Ms. Kelly’s ploy to get the attention of readers who do not know Dickens biography is defensible, if not original. Virtually all literary biographers discover discrepancies between the literature and the lives of their subjects, who often exaggerate, if not outright lie, about their own lives, which become transformed into a fiction that rivals the novels, stories, plays, and poems they produce.

You won’t get far into “The World According to Joan Didion” before encountering this passage about her famous article, “Slouching Toward Bethlehem”: “the essay is … an indictment of narrative’s ability to limit and distort reality—and Joan included herself in this indictment. She empowers us and she warns us: Stories can be lies.”

In Dickens’s day, it was virtually the moral right of biographers to lie, or at least omit anything unsavory about literary figures, though Elizabeth Gaskell tried hard to be truthful in her biography of Charlotte Brontë.

In our day, we expect to see the warts and all, and those in a writer’s inner circle now can’t wait to tell us what they know.

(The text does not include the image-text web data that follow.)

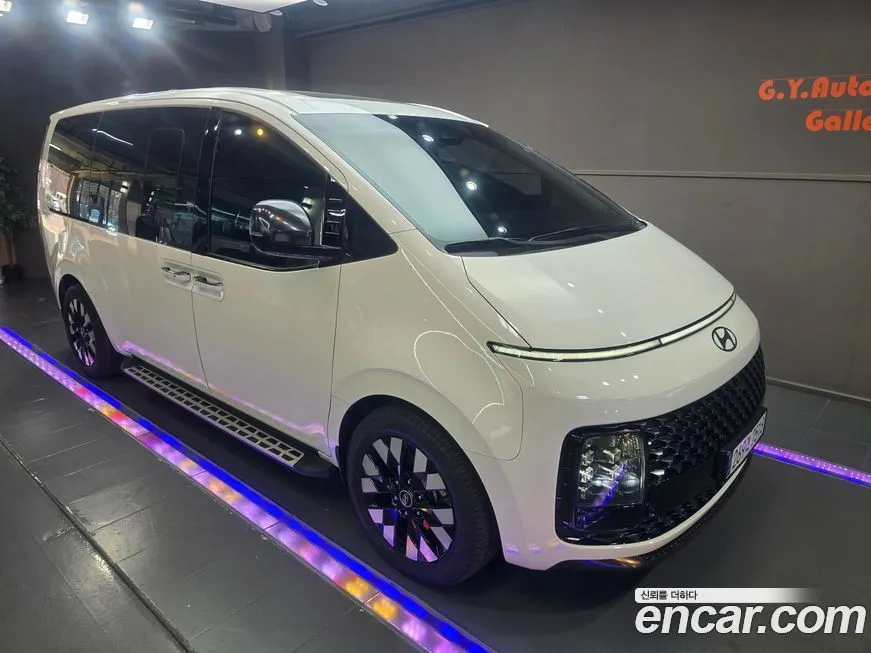 Hyundai Staria — фото 3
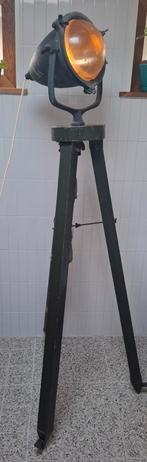 Industriële vintage lamp van koper op oud statief, Huis en Inrichting, Lampen | Vloerlampen, Ophalen, 150 tot 200 cm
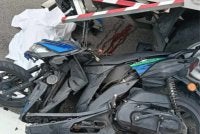 Keadaan motosikal mangsa selepas terlibat dalam kemalangan maut melibatkan lori di Lebuhraya Kuala Lumpur-Seremban pada Ahad. 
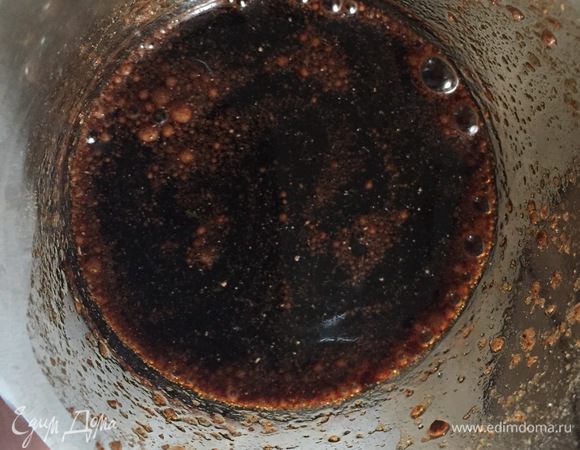 Взбить соевый соус с имбирем. Если у вас не очень соленый соус, то можете добавить немного соли.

So we get Cory Leadbetter’s “Uptown Local,” a revealing, behind-the-scenes version of his years with Joan Didion, working as her assistant in a variety of capacities.

Mr. Leadbetter does what no 19th century biographer would do after Boswell shocked the world with an intimate view of Samuel Johnson. Boswell included himself in the story, and Mr. Leadbetter doing so will annoy readers who come to the book thinking the focus will always be on Joan Didion.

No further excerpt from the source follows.